Overview
This lecture covers the core principles of cell biology, including cell structure, cell specialisation, microscopy, culturing microorganisms, cell division, stem cells, and transport in cells, as outlined in AQA GCSE Biology Topic 1.
Cell Structure: Eukaryotes and Prokaryotes
- Eukaryotic cells (animal and plant) contain a nucleus, cytoplasm, and cell membrane.
- Prokaryotic cells (bacteria) are smaller, lack a nucleus, and have cell wall, membrane, cytoplasm, circular DNA, and plasmids.
- Organelles are specialised structures within cells.
- Orders of magnitude and metric prefixes (centi, milli, micro, nano) indicate the size differences between cells.
Subcellular Structures: Functions
- Nucleus: contains DNA, controls cell activities.
- Cytoplasm: site of chemical reactions, contains enzymes.
- Cell membrane: controls passage of substances.
- Mitochondria: site of aerobic respiration, energy release.
- Ribosomes: protein synthesis.
- In plants: chloroplasts (photosynthesis), permanent vacuole (support), cell wall (strength).
Cell Specialisation and Differentiation
- Differentiation gives cells specialised functions; animals mostly differentiate early, plants can throughout life.
- Animal specialised cells: sperm (movement, enzymes), nerve (long axons, dendrites), muscle (contraction proteins, mitochondria).
- Plant specialised cells: root hair (surface area for absorption), xylem (transport water, lignin), phloem (food transport, sieve plates).
- Stem cells can become specialised; adult stem cells replace some lost cells.
Microscopy and Calculations
- Light microscopes: lower magnification and resolution; view cells, tissues.
- Electron microscopes: high magnification, view organelles.
- Magnification = eyepiece × objective lens; Size = image size ÷ magnification.
Culturing Microorganisms
- Microorganisms are grown in nutrient broth or agar plates; strict sterilisation needed to avoid contamination.
- Bacteria multiply by binary fission; population = initial × 2^(number of divisions).
- Antibiotic effectiveness tested with inhibition zones on agar.
Cell Division: Mitosis and Chromosomes
- Chromosomes (DNA coils) carry genes; humans have 23 pairs.
- Cell cycle: interphase (growth, DNA replication), mitosis (chromosome separation), cytokinesis (cell splits).
- Mitosis produces genetically identical daughter cells; crucial for growth, repair, asexual reproduction.
Stem Cells and Therapeutic Cloning
- Embryonic stem cells can form any body cell; adult stem cells have limited potential; meristems in plants allow full differentiation.
- Therapeutic cloning produces stem cells genetically identical to patient.
- Benefits: disease treatment; Problems: ethical issues, risk of infection, technical challenges.
Transport in Cells: Diffusion, Osmosis, Active Transport
- Diffusion: passive movement from high to low concentration (e.g., gas exchange in lungs).
- Factors: concentration gradient, surface area to volume ratio, temperature.
- Adaptations: large surface area, thin membranes, efficient blood supply.
- Osmosis: water moves from dilute to concentrated solutions through partially permeable membrane; essential for cell turgor.

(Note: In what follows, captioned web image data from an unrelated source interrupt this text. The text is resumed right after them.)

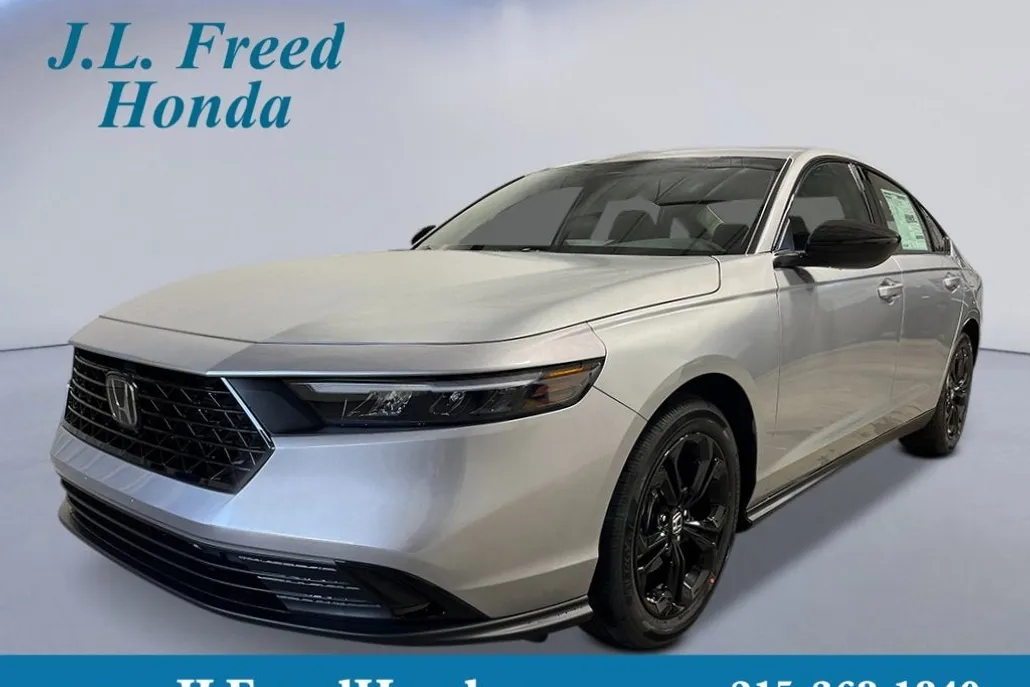 2025 Honda Accord SE photo 1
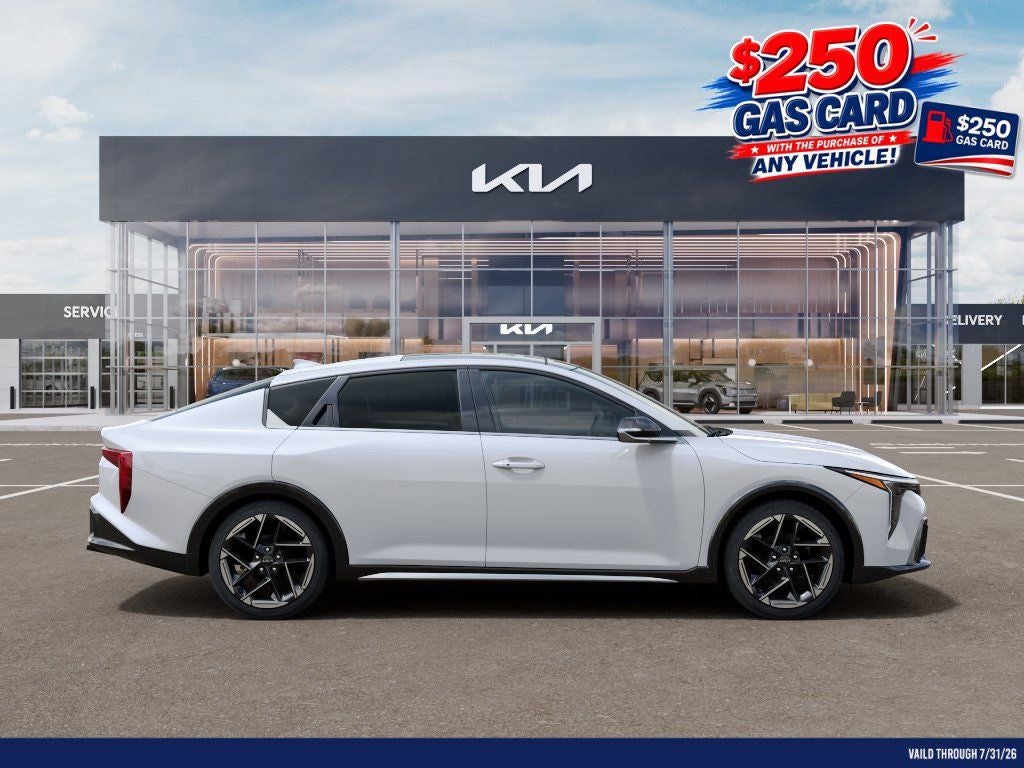 2026 Kia K4 GT-Line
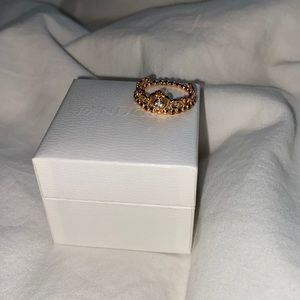 Pandora Princess Ring rose gold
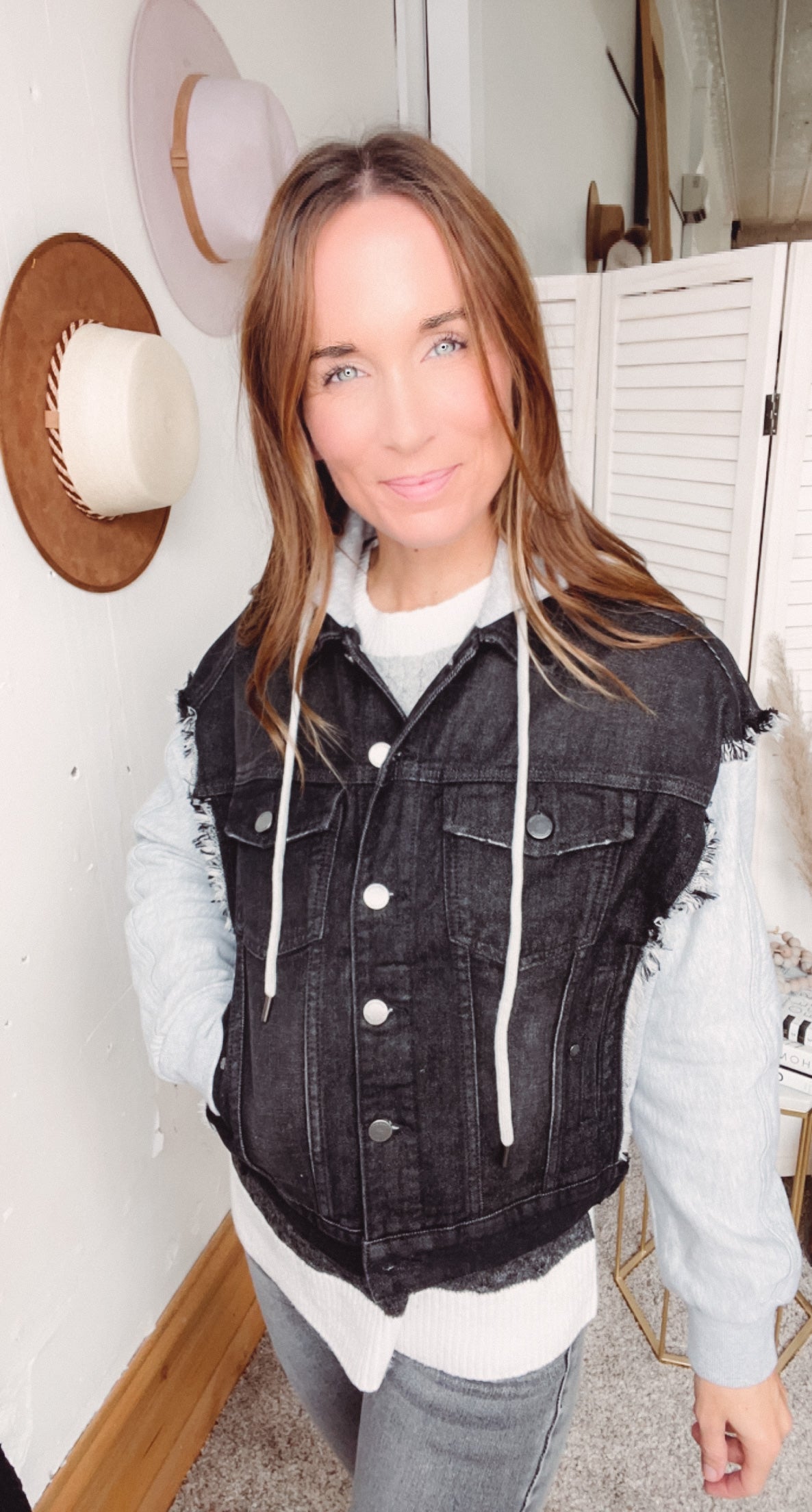 Liverpool French Terry Trucker Jacket、mySite、garagedoors4me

- Active transport: energy-dependent uptake against concentration gradient (e.g., minerals in roots, glucose in gut).
Key Terms & Definitions
- Eukaryote — cell with a nucleus and organelles.
- Prokaryote — cell without a nucleus.
- Organelle — specialised cell structure for a specific function.
- Mitosis — cell division producing identical cells.
- Stem cell — undifferentiated cell with the potential to specialise.
- Diffusion — passive movement of particles from high to low concentration.
- Osmosis — movement of water through a partially permeable membrane.
- Active transport — energy-requiring movement against concentration gradient.
- Magnification — ratio of image size to real size.
Action Items / Next Steps
- Review diagrams of cell structures and specialised cells.
- Practice microscopy calculations and binary fission problems.
- Complete assigned reading on stem cell ethics and applications.
- Prepare for practicals on osmosis and culturing bacteria.